Exercise description: Pull every line with the word "blue" out of the entries below.

- - -

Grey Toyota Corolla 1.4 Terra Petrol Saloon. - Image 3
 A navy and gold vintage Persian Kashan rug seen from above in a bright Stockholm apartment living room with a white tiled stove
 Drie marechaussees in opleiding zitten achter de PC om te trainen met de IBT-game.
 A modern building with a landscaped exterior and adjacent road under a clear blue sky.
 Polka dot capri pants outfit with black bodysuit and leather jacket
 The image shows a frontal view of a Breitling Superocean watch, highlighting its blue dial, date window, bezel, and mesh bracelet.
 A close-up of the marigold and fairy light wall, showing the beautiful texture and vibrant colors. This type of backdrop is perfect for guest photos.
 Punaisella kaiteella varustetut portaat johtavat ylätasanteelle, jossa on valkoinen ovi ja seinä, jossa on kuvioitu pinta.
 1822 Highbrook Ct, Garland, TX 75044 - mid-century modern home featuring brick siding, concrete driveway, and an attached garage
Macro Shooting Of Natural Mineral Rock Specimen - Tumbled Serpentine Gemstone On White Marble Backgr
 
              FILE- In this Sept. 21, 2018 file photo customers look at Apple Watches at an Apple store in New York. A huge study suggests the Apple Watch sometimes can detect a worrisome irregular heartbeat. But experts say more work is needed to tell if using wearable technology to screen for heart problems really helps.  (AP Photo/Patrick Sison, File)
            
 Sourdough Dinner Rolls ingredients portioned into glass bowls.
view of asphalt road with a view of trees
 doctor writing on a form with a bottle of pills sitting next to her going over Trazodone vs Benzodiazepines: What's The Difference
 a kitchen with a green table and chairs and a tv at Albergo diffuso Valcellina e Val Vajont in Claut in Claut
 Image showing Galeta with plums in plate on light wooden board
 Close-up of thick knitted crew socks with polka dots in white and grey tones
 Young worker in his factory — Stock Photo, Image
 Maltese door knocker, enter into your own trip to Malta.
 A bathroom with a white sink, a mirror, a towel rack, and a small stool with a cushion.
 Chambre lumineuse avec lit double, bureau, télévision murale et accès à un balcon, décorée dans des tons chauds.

- - -

Answer area:
 A modern building with a landscaped exterior and adjacent road under a clear blue sky.
 The image shows a frontal view of a Breitling Superocean watch, highlighting its blue dial, date window, bezel, and mesh bracelet.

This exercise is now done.